Conservator of Forests Ashish Kumar Srivastava (second left) at the photo exhibition in Udhagamandalam on Saturday.

Way back in September 1986 when the Nilgiri Biosphere Reserve (NBR), the first of its kind in the country, was launched and a national symposium was organised here to prepare an action plan for the conservation and management of the reserve and the proposed reserves, T.N. Seshan, the then Secretary, Union Ministry of Environment and Forests, had observed that the world was on the brink of an ecological disaster and the biosphere reserve development programme launched in 234 reserves in 63 countries with UNESCO assistance was aimed at preserving the ecology and environment for the future.

To what extent his words of caution have been heeded and how much of the objective of the programme has been achieved is a matter of conjecture. However, ever since the launch, any programme relating to the NBR organised here has attracted the attention of the people particularly those keeping track of the progress of the programme.

In tune with this, a photo exhibition on the NBR put together by a wildlife and nature photographer K.B. Nagendiran at the horticulture complex here on Saturday turned out to be big draw.

It depicted through a collection of about 250 photographs taken over eight years, the rich bio diversity of the NBR including its shola-grassland ecology and its fauna.

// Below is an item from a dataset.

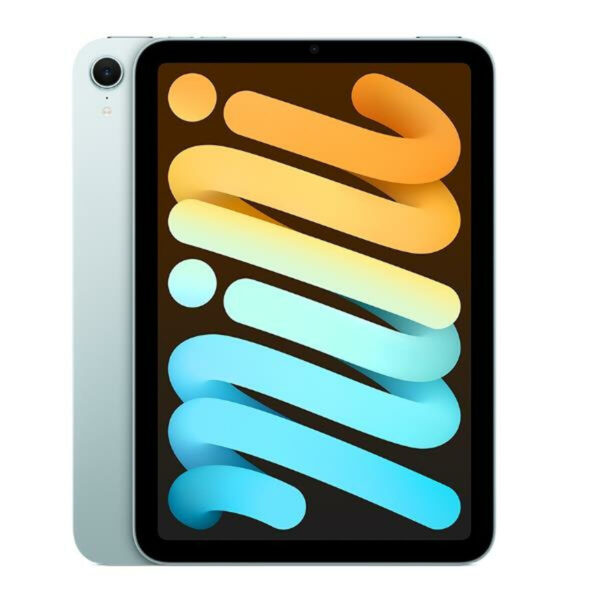 Apple iPad Mini 2024 8.3"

Lauding the effort, Ashish Kumar Srivastava, conservator of Forests, who inaugurated the exhibition told The Hindu that it showcased the real beauty of the Blue Mountains.

Pictures of the breathtaking scenic spots in far flung areas of the district should be made available to tourists. Stating that the government can only facilitate, he said that the people should come forward to support the cause of the ecology.

Adverting to the reputation of the NBR being a biodiversity hot spot, Mr. Nagendran listed its attributes and added that its fauna includes over 100 species of mammals, 350 species of birds, 80 species of reptiles and amphibians, 300 species of butterflies and innumerable invertebrates, 39 species of fish and 31 amphibians.

Stating that it was also a critical catchment area of peninsular India, he said that many of the major tributaries of river Cauvery like the Bhavani, Moyar and Kabini have their source within the reserve. Conservation and management of the NBR depends to a large extent on the coordination between governmental agencies and the local people.

Pointing out that the exhibition represents the initiative of individuals to enhance awareness about the need to conserve the NBR for posterity, he said that it will be open on Sunday also.